Tout projet ayant un impact sur l’environnement doit pourtant faire l'objet de mesures compensatoires selon la doctrine « éviter, réduire, compenser », héritée du Grenelle de l’environnement de 2007. Or, une étude réalisée par des scientifiques du Muséum national d’histoire naturelle et d’AgroParisTech, portant sur 24 projets urbains en Occitanie et dans les Hauts-de-France, prouve que dans 80 % des cas, les mesures de compensation n’ont pas permis d’éviter une perte de biodiversité1.

Les avantages de la renaturation pèsent peu face au développement économique. Et les services rendus par la nature, tant au niveau sanitaire qu'en termes d’économies réalisées, ont dû mal à être entendus par les politiques. « Le discours que je tiens quand je suis face à des élus sur des questions de renaturation, ce n’est pratiquement jamais un discours d’écolo. Si vous vendez des libellules et des papillons, vous êtes foutus », ironise Alexandre Brun.

En tant que maître d'œuvre auprès des collectivités, il « démontre de façon assez froide » que les solutions fondées sur la nature sont des outils stratégiques de l’aménagement urbain. « Aux acteurs politiques et économiques qu’il faut convaincre, je leur dis qu’une rivière renaturée, ce n’est pas seulement plus de biodiversité et plus de paysages, mais c’est aussi un outil technique « pas cher », pour lutter contre les inondations, les îlots de chaleur, la pollution, mais aussi un moyen d’attirer des investisseurs et des promoteurs immobiliers dans des quartiers peu attractifs. Un appartement avec vue sur une rivière n’a pas la même valeur que celui ayant une vue sur un périphérique », donne-t-il en exemple.

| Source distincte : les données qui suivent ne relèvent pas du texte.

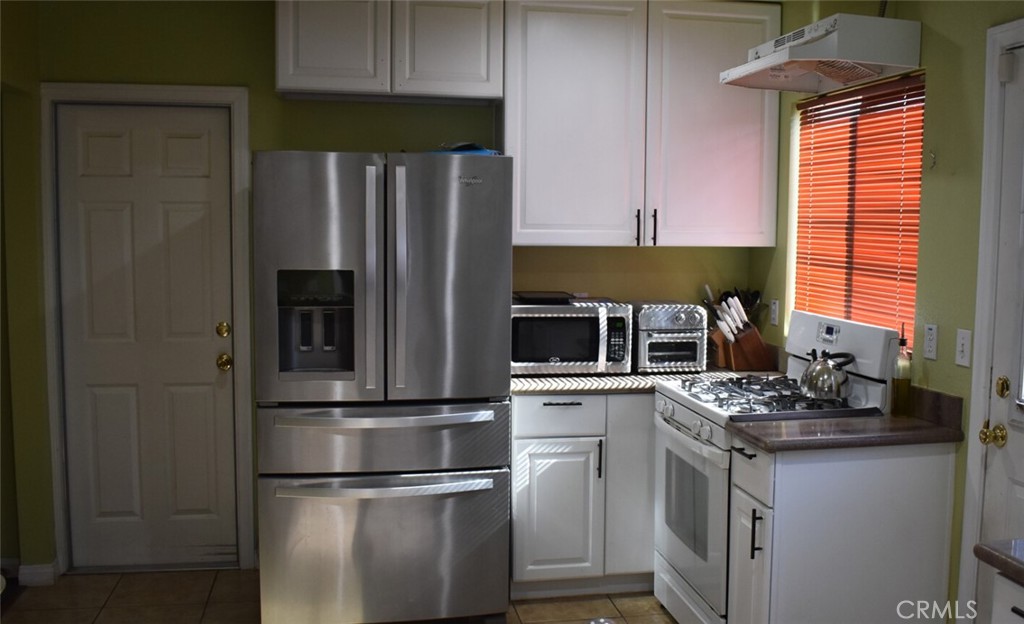 356 E South Street Property Photo 4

Dans les années 2000, l’urbaniste a suivi les travaux de renaturation de la rivière Saint-Charles au Québec. Un chantier mené par la ville canadienne sur plus d’une décennie qui visait à redorer l’image de la rivière, alors la plus polluée du pays. Un succès selon lui, que l’on doit à une posture politique qui vise à promouvoir le cours d’eau comme moteur « de la régénération territoriale ». « Le projet a montré que société et nature ne s'opposent pas. Que la renaturation est profitable autant aux riverains qu’à la nature ».

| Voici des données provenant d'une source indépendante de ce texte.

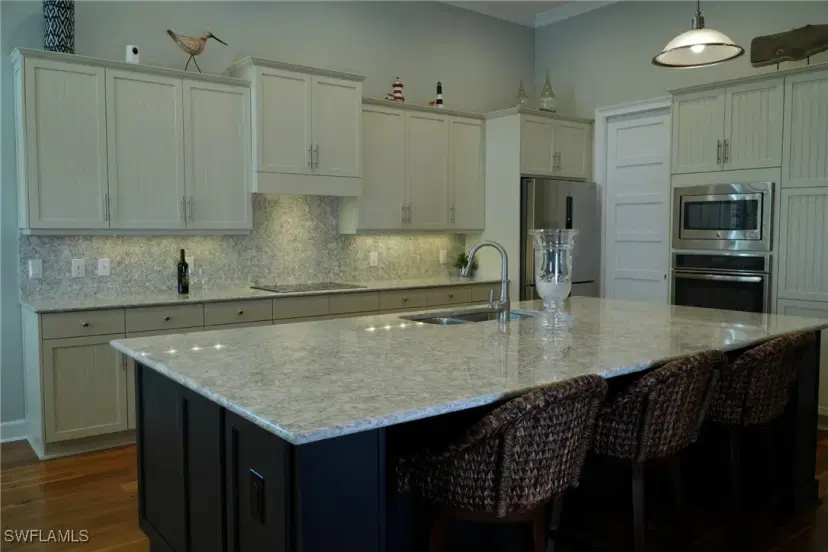 Picture of 6382 Warwick Ave, Naples FL 34113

Faire confiance à la nature, la France est frileuse

Mais la France est plutôt frileuse en ce qui concerne les solutions fondées sur la nature. « C’est plus facile pour une ville de construire un immeuble en béton en forme d’arbre que de renaturer une rivière », schématise-t-il, en prenant l’exemple de la ville de Montpellier et de l’immeuble en béton nommé l’Arbre blanc, conçu par l’architecte japonais Sou Fujimoto. Le bâtiment est situé sur les rives du Lez, cerné par le béton. L’enjeu du retour des rivières urbaines à Montpellier est pourtant fort. Une cinquantaine de cours d’eau ont disparu sous l’asphalte. Leur ancien lit réapparaît lors des fortes pluies de l’automne. Le dérèglement climatique et l’intensification des épisodes cévenoles provoquent régulièrement la saturation des réseaux d’assainissement.

Malgré les avantages de la réintroduction des zones humides ou des rivières, de nombreux projets n’ont jamais vu le jour, bien que des études aient été réalisées. « Il suffit parfois d’un changement d’élus pour que tout capote », regrette Alexandre Brun. Comme l’exhumation du ruisseau des Planches, à Lyon, qui avait pour objectif, non seulement d’adapter la ville aux changements climatiques, mais aussi de relier les quartiers populaires de la Duchère, avec les quartiers aisés des rives de la Saône. « Vous pouvez jouer la carte des transports, investir dans les infrastructures pour mieux desservir les quartiers populaires, mais en soit, ça reste une concentration de pauvres. La question est : quelles coutures faites-vous ? Les rivières sont autant de coutures pour la biodiversité que pour relier les habitants entre eux », argumente Alexandre Brun, l’exemple de la rivière Saint-Charles à Québec en tête, dont la renaturation a permis de lutter contre le phénomène de ghettoïsation et de créer une meilleure mixité sociale.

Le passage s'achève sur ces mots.